One in four women said they had experienced sexual harassment in their workplace.

“Approximately one in four women have been discriminated against due to family or carer responsibilities, and a similar proportion have experienced sexual harassment at work,” the survey report said.

“Experiences of gender discrimination range from blatantly different treatment to subtler forms of prejudice that are harder to articulate.

“Overt reported experiences of gender discrimination included being allocated different types of work, being denied access to opportunities, and being rejected or judged as less competent by clients and colleagues.

“Subtler forms of reported gender discrimination included the use of demeaning and condescending language by colleagues or clients, exclusion from conversation or social activities, and the workplace culture.”

A number of women also disclosed experiences of receiving unwanted advances, feeling objectified or being exposed to inappropriate sexual behaviour.

“There is a perception of conscious or unconscious bias against women who adopt flexible working arrangements to balance family responsibilities,” the report said.

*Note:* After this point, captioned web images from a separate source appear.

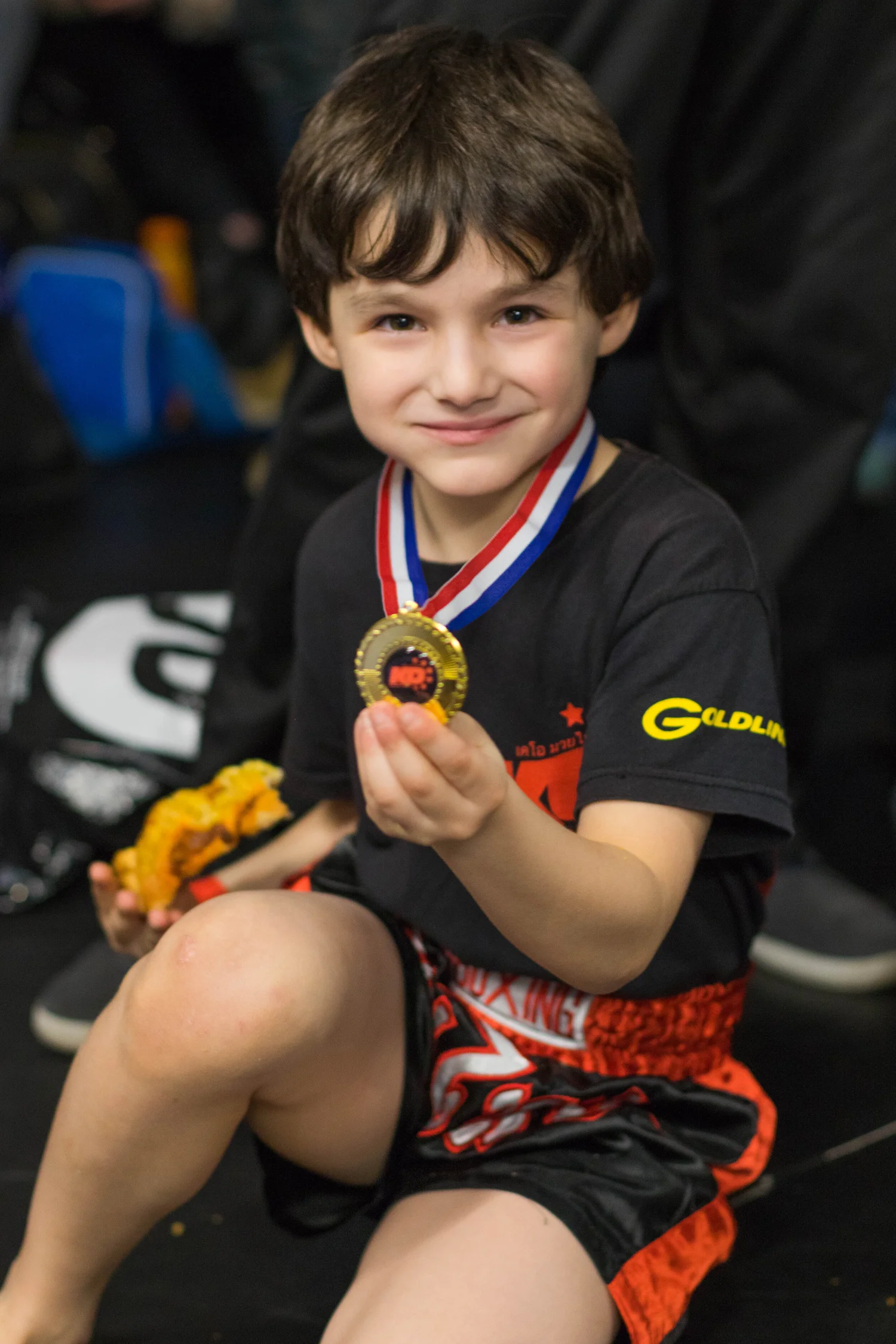 Photos — KO Combat Academy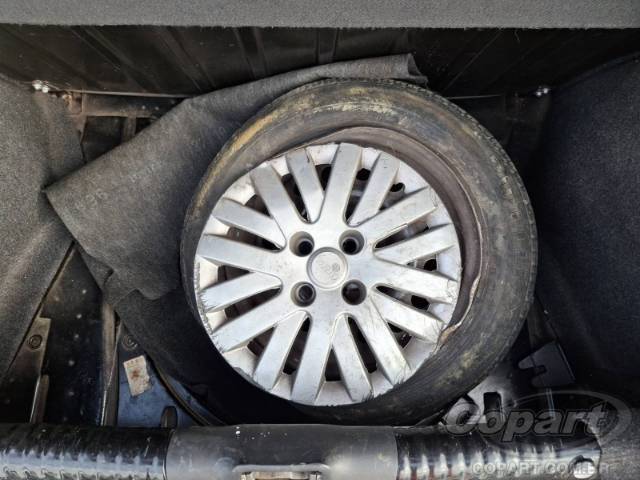 2009 VOLKSWAGEN GOL 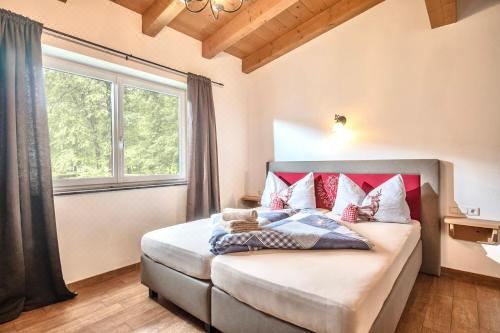 Appartementhaus Tanja One-Bedroom Apartment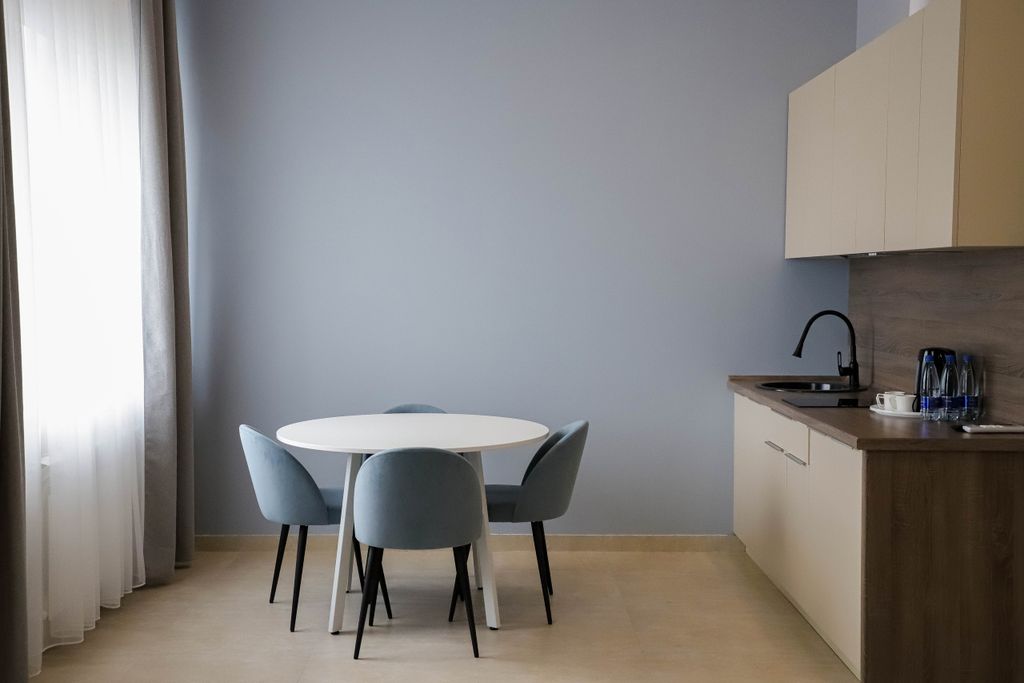 Сон — Апартаменты студия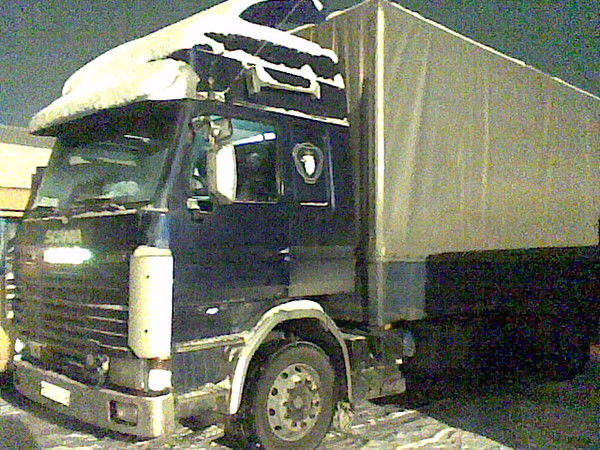 Костя Глушков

“Women also identified practical and cultural barriers to their progression. For women with children, balancing family responsibilities was a recognised challenge.”

While a range of flexible working arrangements might be available for these women, the research suggests that taking them up could have a negative impact on progression prospects.

“Particularly in larger private firms, study participants reported several negative impacts of utilising flexible working arrangements. These included being allocated unsatisfying work, being passed by for promotion, and dealing with colleagues’ assumptions that because they had accessed flexible working arrangements, their priorities lay outside work.”

The relative lack of women in senior leadership positions is seen to contribute to a “male-dominated culture in which it is difficult for women to progress”.

A number of women also indicated that the prevalence of men in senior positions presented cultural barriers to their own progression.

“Whether conscious or unconscious, the role of favouritism, personal relationships and alliances in the promotion process was seen to potentially favour male candidates in workplaces led by fellow men.

“Many participants view large law firms in particular as being overly competitive (influenced perhaps by the inherently adversarial nature of legal work) with a male-dominated culture that is experienced as alienating by women.”

Long working hours and poor work-life balance impact both male and female lawyers, the report said.

A number of drivers of dissatisfaction were common to both men and women, notably with respect to the required working hours and the pressure of billable commitments for those in private firms. For both genders, these factors often contribute to degradation in work-life balance, which for many may become unsustainable.

“This finding is significant as it highlights the importance of flexible work practices that facilitate work-life balance across the profession (not just for working mothers),” the report said.

Women experience career development and career progression opportunities differently to their male counterparts.

Women lawyers identified particular dissatisfaction with elements of career development and progression in their workplace.

With respect to their current role, close to one in three females expressed dissatisfaction with the accessibility of mentors to support their career development, and with the opportunities they had for promotion and advancement. Reflecting on their legal career to date, a similar proportion expressed dissatisfaction with the rate of career progression and their career trajectory compared to their expectations.

In contrast, less than one in five male lawyers expressed dissatisfaction with these aspects of their current role and career to date.

The report also noted that over one in three women were considering moving to a new job within the next five years.

“Females in private practice were most likely to be considering taking up an in-house role.

“Close to 40% of women intending to leave their private practice role indicated they were looking to move in-house, compared to around 25% of men.

“Conversely, men were over twice as likely as women to be considering leaving their private firm for the bar.”